Active Clinical Trials

AlphaMedix trial -NCT03466216 

Brief Summary:


AlphaMedix™ (²¹²Pb-DOTAMTATE) is a radiotherapeutic drug indicated in subjects with unresectable, metastatic somatostatin receptor (SSTR) positive neuroendocrine tumors (NETs). Because 212Pb is an in vivo generator of alpha particles, it is particularly suitable for SSTR therapy applications. This drug addresses an unmet need in the field of peptide receptor radionuclide therapy (PRRT) for NETs. Substitution of an alpha emitter (²¹²Pb) for the beta emitters currently being used (i.e., 177Lu or 90Y) will provide significantly higher Linear Energy Transfer (LET) and a shorter path length.
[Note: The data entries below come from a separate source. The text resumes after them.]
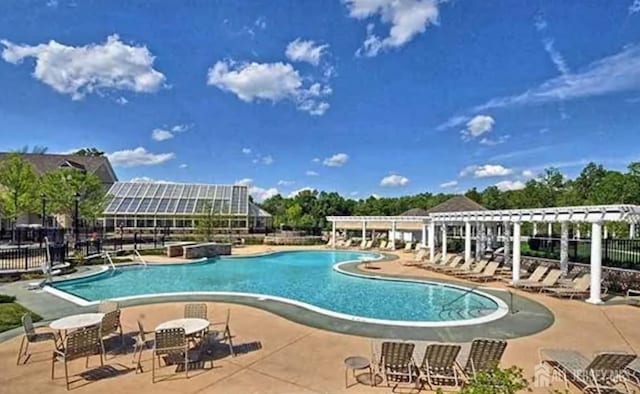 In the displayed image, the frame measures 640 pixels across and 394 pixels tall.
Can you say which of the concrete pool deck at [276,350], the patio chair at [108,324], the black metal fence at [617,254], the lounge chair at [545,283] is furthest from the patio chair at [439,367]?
the black metal fence at [617,254]

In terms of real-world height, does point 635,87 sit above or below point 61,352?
above

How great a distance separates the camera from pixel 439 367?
6020 millimetres

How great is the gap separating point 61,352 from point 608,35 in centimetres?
2182

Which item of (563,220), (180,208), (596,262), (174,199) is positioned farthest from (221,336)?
(174,199)

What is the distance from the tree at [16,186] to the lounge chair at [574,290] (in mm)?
28966

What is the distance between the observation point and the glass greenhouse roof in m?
38.9

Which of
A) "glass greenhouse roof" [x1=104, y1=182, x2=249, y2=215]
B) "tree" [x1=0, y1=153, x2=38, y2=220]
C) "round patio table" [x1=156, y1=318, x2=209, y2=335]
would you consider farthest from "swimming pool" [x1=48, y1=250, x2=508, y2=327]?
"glass greenhouse roof" [x1=104, y1=182, x2=249, y2=215]

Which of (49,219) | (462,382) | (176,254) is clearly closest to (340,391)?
(462,382)

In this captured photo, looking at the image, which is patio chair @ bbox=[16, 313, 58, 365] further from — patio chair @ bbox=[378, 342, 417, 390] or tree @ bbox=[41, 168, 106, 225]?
tree @ bbox=[41, 168, 106, 225]

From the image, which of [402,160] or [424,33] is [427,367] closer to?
[424,33]

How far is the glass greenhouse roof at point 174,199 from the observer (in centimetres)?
3888

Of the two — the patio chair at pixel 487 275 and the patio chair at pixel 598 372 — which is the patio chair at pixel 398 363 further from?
the patio chair at pixel 487 275

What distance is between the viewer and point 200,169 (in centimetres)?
4719

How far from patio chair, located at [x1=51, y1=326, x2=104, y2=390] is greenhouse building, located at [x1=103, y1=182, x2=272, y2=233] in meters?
28.5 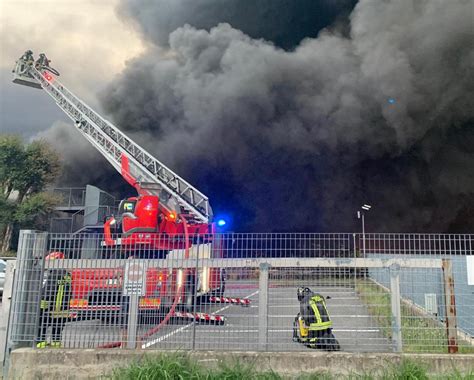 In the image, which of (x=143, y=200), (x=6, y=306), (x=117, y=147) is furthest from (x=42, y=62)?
(x=6, y=306)

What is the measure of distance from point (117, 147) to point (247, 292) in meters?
11.6

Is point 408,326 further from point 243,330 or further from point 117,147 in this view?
point 117,147

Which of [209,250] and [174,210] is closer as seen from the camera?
[209,250]

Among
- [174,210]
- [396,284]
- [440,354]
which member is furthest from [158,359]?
[174,210]

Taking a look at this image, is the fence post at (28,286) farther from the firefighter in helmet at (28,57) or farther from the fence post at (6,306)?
the firefighter in helmet at (28,57)

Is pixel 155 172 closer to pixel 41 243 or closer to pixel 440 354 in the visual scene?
pixel 41 243

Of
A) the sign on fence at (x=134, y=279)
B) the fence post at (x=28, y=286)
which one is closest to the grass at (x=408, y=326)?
the sign on fence at (x=134, y=279)

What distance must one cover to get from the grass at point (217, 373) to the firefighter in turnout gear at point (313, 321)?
989 millimetres

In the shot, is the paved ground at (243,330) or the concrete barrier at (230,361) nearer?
the concrete barrier at (230,361)

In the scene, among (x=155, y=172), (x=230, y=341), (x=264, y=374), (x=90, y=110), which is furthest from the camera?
(x=90, y=110)

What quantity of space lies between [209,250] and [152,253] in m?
0.92

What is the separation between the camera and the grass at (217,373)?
158 inches

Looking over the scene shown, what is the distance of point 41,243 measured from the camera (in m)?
5.15

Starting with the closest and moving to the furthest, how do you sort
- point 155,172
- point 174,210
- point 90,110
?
1. point 174,210
2. point 155,172
3. point 90,110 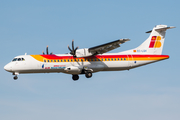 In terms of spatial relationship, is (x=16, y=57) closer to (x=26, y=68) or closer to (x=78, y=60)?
(x=26, y=68)

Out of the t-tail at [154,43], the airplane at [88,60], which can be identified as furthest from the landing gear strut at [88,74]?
the t-tail at [154,43]

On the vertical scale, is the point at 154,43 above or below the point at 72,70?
above

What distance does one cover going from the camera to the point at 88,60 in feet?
109

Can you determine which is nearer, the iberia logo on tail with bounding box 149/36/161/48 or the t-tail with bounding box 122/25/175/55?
the t-tail with bounding box 122/25/175/55

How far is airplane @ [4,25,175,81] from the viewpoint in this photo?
105 ft

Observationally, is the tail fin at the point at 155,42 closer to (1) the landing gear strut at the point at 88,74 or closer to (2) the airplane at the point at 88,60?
(2) the airplane at the point at 88,60

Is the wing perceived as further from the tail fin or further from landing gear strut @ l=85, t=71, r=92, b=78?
the tail fin

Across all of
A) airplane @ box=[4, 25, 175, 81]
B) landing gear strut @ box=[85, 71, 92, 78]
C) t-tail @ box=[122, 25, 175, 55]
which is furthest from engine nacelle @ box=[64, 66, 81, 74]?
t-tail @ box=[122, 25, 175, 55]

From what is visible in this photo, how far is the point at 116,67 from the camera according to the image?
1328 inches

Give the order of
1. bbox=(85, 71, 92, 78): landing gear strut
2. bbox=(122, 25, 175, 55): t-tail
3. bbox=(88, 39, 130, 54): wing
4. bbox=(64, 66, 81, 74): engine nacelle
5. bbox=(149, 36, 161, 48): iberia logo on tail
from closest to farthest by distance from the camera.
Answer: bbox=(88, 39, 130, 54): wing < bbox=(64, 66, 81, 74): engine nacelle < bbox=(85, 71, 92, 78): landing gear strut < bbox=(122, 25, 175, 55): t-tail < bbox=(149, 36, 161, 48): iberia logo on tail

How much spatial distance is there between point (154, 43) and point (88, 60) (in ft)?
27.6

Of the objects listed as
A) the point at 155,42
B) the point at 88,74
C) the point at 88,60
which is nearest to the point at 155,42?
the point at 155,42

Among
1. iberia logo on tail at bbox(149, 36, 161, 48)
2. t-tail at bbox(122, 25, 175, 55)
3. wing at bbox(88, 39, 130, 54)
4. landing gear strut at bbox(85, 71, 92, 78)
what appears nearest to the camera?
wing at bbox(88, 39, 130, 54)

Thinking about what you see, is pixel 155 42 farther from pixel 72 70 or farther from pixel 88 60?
pixel 72 70
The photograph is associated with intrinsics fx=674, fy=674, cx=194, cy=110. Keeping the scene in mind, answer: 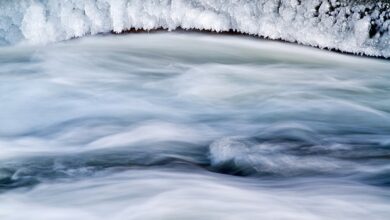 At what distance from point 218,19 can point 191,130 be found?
2013mm

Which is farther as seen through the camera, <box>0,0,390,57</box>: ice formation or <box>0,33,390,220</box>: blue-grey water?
<box>0,0,390,57</box>: ice formation

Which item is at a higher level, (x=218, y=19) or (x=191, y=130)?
(x=218, y=19)

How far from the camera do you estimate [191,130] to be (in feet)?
16.1

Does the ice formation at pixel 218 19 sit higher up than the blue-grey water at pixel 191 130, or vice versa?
the ice formation at pixel 218 19

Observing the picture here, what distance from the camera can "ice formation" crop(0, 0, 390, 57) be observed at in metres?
6.35

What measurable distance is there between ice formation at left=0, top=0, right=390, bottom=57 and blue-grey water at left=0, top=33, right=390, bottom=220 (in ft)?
0.47

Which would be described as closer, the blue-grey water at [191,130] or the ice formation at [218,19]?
the blue-grey water at [191,130]

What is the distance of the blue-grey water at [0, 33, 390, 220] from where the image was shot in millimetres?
3512

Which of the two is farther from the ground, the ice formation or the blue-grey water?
the ice formation

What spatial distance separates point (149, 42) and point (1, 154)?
2797 millimetres

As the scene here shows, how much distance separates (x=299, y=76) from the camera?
6.20 m

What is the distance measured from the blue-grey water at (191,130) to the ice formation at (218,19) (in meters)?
0.14

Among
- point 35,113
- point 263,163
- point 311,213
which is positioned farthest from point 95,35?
point 311,213

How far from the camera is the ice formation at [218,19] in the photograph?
250 inches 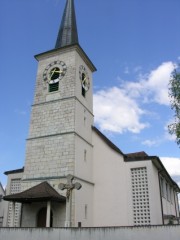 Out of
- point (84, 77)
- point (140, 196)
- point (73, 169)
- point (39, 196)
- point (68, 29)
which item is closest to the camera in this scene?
point (39, 196)

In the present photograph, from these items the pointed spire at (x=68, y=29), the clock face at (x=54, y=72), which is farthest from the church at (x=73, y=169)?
the pointed spire at (x=68, y=29)

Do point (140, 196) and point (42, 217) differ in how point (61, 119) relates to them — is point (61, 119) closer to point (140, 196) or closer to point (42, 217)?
point (42, 217)

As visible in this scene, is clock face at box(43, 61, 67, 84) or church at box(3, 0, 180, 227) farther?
clock face at box(43, 61, 67, 84)

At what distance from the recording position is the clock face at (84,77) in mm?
22269

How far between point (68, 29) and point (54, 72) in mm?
5317

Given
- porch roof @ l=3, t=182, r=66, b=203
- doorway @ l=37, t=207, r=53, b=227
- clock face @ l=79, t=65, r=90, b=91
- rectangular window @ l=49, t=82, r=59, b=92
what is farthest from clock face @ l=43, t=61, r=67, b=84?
doorway @ l=37, t=207, r=53, b=227

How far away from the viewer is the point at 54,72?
22.1m

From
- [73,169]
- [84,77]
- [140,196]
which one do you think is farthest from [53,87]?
[140,196]

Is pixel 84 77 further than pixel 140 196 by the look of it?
Yes

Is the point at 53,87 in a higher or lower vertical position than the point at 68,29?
lower

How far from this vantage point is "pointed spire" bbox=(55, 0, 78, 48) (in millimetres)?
23859

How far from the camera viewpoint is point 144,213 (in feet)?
58.3

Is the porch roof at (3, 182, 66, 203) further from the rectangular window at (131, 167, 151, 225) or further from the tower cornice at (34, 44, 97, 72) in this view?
the tower cornice at (34, 44, 97, 72)

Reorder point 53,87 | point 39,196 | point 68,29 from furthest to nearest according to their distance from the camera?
point 68,29 < point 53,87 < point 39,196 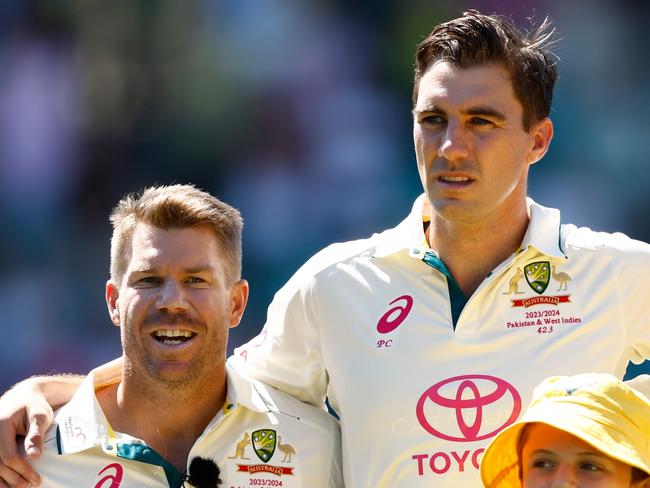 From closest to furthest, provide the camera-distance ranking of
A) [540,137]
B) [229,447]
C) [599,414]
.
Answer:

Higher LET particles should cause more tumor cell death. Shorter path length should result in less collateral damage of the normal tissue and therefore less side effects for subjects receiving the drug.


Primary Outcome Measures :

1. To determine dose-limiting toxicity (DLT) [ Time Frame: 8 weeks ]

DLT is defined as non-hematological toxicity - all Grade 4 and Grade 3 (except alk. phos.) that is not responsive to NMT 72 hours of supportive care - and all hematological toxicity that does not recover to NMT than Grade 2 within 8 wks of dose administration.


2. To determine the maximum tolerated dose (MTD) [ Time Frame: 8 weeks ]

The MTD is the dose level below that which 2 out of 6 subjects in a cohort have DLT.


Eligibility Criteria

Inclusion Criteria:


• ECOG status 0-2.


• Life expectancy of at least 12 weeks.


• Histologically confirmed diagnosis of SSTR (+) NET, unresectable or metastatic.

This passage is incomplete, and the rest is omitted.